Random Sampling for Data Intensive Computations

  • Dinkar Vasudevan ,
  • Milan Vojnovic

MSR-TR-2009-08 |

We consider estimation of arbitrary range partitioning of data values and ranking of frequently occurring items based on random sampling, within small number of samplings and prescribed accuracy. These problems arise in the context of parallel-processing of massive datasets, e.g. performed in data centers of Internet-scale cloud services and large-scale scientific computations. The range partitioning is a basic block of parallel-processing systems based on the paradigm of map and reduce.

For the range partitioning, we consider a direct estimation method based on constructing an arbitrary-height histogram and characterize the estimation error.
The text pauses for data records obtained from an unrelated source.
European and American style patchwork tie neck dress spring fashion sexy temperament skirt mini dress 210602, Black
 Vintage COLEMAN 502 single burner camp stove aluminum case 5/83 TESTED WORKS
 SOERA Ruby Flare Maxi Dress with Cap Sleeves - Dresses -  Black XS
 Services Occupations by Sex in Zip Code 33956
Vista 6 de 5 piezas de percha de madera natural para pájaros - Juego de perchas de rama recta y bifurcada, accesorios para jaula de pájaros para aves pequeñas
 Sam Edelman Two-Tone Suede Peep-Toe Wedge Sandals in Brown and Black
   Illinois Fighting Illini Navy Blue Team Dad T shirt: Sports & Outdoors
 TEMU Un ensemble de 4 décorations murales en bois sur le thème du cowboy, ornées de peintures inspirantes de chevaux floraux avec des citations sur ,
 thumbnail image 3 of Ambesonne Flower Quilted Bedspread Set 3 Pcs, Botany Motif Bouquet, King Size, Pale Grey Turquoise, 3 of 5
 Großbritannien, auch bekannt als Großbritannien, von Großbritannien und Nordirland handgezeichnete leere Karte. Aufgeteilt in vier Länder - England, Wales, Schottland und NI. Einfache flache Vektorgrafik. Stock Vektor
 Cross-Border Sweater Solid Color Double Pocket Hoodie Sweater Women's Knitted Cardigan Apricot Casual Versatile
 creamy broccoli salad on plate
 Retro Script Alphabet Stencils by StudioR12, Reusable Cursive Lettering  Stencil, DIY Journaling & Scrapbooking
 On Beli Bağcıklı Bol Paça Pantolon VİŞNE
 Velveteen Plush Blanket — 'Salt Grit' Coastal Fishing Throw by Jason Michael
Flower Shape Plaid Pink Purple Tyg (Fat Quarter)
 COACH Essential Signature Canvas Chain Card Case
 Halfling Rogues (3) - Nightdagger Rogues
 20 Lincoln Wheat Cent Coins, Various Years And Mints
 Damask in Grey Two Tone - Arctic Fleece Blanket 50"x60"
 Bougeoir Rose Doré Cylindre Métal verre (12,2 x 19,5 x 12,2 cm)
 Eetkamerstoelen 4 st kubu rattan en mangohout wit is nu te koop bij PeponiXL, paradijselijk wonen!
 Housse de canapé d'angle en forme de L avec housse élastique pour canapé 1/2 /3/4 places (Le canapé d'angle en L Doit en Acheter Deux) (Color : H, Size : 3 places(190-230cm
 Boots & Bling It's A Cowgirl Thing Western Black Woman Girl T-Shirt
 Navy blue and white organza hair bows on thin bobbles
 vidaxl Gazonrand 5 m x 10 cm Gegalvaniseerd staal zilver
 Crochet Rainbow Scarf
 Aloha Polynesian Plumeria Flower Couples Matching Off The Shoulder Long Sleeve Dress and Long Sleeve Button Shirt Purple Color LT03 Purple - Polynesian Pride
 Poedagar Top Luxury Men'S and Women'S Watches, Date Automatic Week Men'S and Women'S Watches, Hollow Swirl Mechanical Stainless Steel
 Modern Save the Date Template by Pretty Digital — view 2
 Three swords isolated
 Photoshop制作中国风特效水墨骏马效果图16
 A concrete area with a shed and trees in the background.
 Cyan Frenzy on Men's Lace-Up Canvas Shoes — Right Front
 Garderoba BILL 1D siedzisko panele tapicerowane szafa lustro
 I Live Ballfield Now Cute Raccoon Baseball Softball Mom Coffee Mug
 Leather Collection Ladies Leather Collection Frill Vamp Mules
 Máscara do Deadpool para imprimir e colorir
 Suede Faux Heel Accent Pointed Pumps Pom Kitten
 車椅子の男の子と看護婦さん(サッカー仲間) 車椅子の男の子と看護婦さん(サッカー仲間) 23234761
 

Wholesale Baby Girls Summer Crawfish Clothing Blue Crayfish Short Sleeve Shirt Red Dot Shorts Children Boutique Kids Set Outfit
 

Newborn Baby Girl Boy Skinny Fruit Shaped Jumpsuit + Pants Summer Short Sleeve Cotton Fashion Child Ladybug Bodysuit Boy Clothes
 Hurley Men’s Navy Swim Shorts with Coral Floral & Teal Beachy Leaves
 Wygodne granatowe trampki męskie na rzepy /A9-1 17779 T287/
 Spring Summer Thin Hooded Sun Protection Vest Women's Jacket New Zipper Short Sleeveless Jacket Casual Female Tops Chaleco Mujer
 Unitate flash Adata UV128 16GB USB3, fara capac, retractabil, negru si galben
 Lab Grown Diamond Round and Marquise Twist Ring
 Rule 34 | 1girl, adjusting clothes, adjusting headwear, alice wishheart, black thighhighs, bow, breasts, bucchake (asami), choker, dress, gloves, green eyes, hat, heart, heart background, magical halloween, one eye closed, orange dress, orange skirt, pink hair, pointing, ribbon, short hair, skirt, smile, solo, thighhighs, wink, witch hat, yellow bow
This approach provides substantial savings in constructing unbalanced range partitionings with respect to a standard approach based on equi-height histograms; our results extend previous work restricted to equi-height histograms. For the problem of ranking of frequently occurring items, we use a lumping of small frequency items that enables us to obtain tighter bounds that are independent of the total number of distinct items in a dataset. The analysis deploys the framework of large deviations that is well suited to typically large scale of data in the considered applications.

We demonstrate tightness and benefits of our sampling methods using a large data set of an operational cloud service that involves data at a scale of hundreds of billions of records. Our results provides insights and inform design of practical sampling methods.